THOMAS HART BENTON (1889-1975)
Landscape with Trees.

Oil on paper laid on board, circa 1920. 217x280 mm; 8½x11 inches.

Provenance
The artist.
Gift to Charles Pollock, New York and Paris, 1929.
Salander O'Reilly Galleries, New York, 1981 (label).
Private collection, New York.
Heritage Auctions, Dallas, May 7, 2016, lot 68134.
Private collection, New Jersey.

Exhibited
"Thomas Hart Benton: Synchromist Paintings 1915-1920 from a Private Collection," Salander O'Reilly Galleries, New York, December 2, 1981–January 30, 1982, number 17, Collection #22 (illustrated).
"Nature in Early Modern American Art," Heath Gallery, Atlanta, May 17-31, 1986 (label).

Note
This work will be included in the forthcoming catalogue raisonné being prepared by the Thomas Hart Benton Catalogue Raisonné Foundation. Committee Members: Dr. Henry Adams, Jessie Benton, Anthony Benton Gude, Andrew Thompson and Michael Owen.

  • Notes: While living in Paris in 1909, Thomas Hart Benton became acquainted with the American artist Stanton Macdonald-Wright. Macdonald-Wright and his circle, who would become to be known as the Synchromists, influenced Benton to experiment with Impressionist and Pointillist techniques and to use a broader range of color. Synchromists united Cubism's fractured compositions with a dynamic, harmonious rainbow guided by Percyval Tudor-Hart's color theories. Their compositions, often taking on a spiral form, were inspired by formal elements utilized by Renaissance artists, including Michelangelo.

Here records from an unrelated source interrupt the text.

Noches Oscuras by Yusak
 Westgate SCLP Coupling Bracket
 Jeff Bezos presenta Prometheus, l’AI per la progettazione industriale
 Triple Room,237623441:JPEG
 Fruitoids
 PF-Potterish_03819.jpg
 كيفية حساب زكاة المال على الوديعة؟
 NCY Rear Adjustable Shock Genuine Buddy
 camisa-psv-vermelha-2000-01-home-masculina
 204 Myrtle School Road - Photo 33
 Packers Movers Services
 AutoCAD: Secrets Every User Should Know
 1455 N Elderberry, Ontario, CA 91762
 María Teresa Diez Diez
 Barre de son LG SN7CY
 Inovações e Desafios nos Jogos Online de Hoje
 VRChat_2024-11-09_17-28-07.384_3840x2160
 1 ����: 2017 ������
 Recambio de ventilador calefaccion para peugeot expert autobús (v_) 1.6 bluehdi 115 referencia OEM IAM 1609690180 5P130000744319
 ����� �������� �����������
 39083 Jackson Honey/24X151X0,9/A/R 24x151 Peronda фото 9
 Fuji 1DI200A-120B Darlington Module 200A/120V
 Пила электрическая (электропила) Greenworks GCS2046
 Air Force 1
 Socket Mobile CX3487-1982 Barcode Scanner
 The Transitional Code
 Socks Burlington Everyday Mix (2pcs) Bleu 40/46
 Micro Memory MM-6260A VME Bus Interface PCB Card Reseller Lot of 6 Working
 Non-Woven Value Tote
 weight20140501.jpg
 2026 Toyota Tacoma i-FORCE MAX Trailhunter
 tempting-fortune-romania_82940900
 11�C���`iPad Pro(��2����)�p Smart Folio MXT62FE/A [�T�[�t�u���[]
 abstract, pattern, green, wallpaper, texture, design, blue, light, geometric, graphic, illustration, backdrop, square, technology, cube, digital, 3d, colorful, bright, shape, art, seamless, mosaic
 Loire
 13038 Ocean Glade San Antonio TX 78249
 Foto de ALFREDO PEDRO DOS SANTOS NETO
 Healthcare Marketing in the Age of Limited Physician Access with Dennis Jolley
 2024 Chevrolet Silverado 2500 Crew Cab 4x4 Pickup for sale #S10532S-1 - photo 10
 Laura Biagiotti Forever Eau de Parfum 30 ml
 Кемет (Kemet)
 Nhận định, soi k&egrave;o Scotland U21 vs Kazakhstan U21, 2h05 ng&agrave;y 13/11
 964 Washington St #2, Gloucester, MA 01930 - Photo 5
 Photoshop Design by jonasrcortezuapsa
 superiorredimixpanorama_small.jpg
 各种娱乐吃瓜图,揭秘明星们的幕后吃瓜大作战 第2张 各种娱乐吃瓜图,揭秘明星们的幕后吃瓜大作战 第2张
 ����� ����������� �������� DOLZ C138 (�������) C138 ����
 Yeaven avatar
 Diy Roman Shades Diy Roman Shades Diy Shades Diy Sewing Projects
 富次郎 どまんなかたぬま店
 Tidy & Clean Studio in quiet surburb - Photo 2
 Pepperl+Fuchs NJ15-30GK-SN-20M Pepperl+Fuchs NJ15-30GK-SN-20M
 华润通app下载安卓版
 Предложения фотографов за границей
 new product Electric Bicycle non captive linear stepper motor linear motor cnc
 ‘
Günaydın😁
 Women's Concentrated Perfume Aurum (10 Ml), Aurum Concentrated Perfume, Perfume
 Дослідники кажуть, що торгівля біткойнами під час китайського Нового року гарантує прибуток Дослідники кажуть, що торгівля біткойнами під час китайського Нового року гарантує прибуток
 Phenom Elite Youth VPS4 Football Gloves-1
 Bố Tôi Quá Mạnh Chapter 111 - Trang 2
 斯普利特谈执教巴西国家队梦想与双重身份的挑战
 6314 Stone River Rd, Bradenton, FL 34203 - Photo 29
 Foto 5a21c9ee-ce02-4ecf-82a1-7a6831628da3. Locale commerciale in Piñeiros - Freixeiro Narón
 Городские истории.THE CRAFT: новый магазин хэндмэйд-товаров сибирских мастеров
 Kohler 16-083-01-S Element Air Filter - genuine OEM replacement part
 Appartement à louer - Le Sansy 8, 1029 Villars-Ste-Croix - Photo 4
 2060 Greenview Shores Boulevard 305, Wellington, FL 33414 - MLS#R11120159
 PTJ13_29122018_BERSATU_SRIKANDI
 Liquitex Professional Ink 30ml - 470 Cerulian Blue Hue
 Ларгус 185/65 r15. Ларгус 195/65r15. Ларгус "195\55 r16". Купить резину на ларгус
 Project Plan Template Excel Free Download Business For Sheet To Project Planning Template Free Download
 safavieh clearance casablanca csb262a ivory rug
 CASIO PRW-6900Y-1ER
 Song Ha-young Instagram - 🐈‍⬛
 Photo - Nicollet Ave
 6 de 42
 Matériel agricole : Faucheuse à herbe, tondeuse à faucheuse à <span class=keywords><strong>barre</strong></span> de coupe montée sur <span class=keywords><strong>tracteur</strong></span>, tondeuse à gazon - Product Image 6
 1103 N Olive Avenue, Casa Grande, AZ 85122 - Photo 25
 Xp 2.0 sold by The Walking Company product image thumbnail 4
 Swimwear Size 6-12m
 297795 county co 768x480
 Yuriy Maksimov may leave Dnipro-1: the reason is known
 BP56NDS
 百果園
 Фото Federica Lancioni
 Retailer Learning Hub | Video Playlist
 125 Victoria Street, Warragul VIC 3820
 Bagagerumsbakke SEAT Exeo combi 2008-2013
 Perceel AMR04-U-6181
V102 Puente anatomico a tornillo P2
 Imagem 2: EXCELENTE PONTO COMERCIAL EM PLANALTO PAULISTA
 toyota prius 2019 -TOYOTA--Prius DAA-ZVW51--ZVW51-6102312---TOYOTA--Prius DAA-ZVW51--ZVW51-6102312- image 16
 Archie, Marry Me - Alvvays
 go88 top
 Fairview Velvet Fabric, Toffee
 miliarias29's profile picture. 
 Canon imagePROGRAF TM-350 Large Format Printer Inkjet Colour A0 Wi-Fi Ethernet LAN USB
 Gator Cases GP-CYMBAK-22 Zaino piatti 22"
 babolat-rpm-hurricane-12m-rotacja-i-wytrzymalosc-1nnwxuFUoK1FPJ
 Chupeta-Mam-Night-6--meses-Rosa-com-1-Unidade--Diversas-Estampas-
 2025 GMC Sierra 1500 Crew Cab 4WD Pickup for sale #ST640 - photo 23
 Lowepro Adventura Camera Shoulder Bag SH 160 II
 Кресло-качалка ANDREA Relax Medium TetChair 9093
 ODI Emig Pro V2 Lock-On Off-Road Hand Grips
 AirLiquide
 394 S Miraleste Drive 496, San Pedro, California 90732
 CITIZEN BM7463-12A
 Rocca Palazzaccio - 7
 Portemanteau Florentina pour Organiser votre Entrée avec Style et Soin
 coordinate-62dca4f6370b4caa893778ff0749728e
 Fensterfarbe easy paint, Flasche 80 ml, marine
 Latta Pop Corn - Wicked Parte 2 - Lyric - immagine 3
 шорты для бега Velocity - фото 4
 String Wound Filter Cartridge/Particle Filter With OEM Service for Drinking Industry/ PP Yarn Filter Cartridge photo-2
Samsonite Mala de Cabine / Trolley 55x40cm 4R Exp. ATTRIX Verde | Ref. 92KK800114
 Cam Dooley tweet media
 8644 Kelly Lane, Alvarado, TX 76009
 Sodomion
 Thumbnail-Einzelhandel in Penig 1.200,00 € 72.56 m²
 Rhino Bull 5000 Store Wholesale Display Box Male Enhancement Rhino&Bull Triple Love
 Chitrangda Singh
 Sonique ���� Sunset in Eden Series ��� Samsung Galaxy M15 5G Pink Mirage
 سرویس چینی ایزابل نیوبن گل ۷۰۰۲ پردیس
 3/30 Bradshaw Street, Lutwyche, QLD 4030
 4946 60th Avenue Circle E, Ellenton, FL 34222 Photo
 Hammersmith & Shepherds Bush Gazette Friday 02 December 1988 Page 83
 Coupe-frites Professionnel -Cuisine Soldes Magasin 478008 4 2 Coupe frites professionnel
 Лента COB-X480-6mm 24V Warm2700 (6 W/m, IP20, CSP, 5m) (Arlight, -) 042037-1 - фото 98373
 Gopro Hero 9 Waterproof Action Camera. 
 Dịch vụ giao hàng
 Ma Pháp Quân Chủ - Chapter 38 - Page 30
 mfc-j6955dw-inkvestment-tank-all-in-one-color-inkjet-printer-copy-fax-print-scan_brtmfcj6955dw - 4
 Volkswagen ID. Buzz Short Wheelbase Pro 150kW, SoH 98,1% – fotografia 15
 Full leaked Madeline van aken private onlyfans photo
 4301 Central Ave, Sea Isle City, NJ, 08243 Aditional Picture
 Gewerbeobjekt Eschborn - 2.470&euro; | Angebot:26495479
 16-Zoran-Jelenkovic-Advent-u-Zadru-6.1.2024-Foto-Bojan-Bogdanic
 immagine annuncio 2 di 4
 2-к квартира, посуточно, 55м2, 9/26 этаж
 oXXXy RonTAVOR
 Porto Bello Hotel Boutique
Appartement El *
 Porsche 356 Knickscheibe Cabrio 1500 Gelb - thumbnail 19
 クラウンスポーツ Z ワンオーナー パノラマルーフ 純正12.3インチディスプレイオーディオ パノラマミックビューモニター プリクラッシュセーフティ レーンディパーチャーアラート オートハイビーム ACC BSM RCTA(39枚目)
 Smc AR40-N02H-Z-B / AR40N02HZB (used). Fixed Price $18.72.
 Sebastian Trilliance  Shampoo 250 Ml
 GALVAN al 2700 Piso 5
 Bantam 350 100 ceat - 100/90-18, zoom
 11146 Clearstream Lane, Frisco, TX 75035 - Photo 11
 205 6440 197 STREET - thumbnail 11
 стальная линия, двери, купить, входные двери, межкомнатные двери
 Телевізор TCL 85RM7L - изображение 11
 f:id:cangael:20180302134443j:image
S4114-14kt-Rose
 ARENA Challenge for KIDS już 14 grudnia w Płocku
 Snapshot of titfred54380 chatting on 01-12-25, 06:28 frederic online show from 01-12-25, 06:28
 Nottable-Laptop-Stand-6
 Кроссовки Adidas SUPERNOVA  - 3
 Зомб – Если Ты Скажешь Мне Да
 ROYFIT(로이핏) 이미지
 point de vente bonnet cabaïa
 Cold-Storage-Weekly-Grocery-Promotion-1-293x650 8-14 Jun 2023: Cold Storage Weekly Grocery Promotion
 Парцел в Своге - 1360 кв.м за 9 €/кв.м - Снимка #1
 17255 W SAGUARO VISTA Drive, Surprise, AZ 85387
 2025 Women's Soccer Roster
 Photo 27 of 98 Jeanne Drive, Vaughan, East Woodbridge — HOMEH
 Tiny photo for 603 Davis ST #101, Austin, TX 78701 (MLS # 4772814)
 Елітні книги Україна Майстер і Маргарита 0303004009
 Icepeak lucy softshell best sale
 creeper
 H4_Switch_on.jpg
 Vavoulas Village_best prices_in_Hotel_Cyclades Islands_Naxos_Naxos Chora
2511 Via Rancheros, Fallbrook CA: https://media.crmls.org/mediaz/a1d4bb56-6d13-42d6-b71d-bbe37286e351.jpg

    When Benton arrived in New York in June 1912, he continued to study the French painters, including the Impressionists and Paul Cézanne. By the end of 1913, Macdonald-Wright had also come to New York, and eventually shared an apartment with Benton. Though in 1914 Benton was still a skeptic of Synchromism, he helped to promote an exhibition of Macdonald-Wright and Morgan Russell's paintings at Carroll Galleries. Benton attended this exhibition and was notably most impressed with the rhythmic compositions and the abandonment of colors found in nature. Benton came to use Synchromist color theory in his own figurative paintings during the 1910's and exhibited these alongside Macdonald-Wright and Russell in the 1916 Forum "Exhibition of Modern Painters." Although met with some criticism, he continued to experiment with non-representational styles, including geometric abstraction, through the end of the decade. Like the Synchromists, Benton looked to the Old Master painters when conceptualizing his figural compositions. He could not wholly abandon a natural palette and realistic representation, but Benton's experiments in Synchromism were important, as the movement influenced how he incorporated rhythm and depth into his artwork and expanded his capability to render voluminous forms.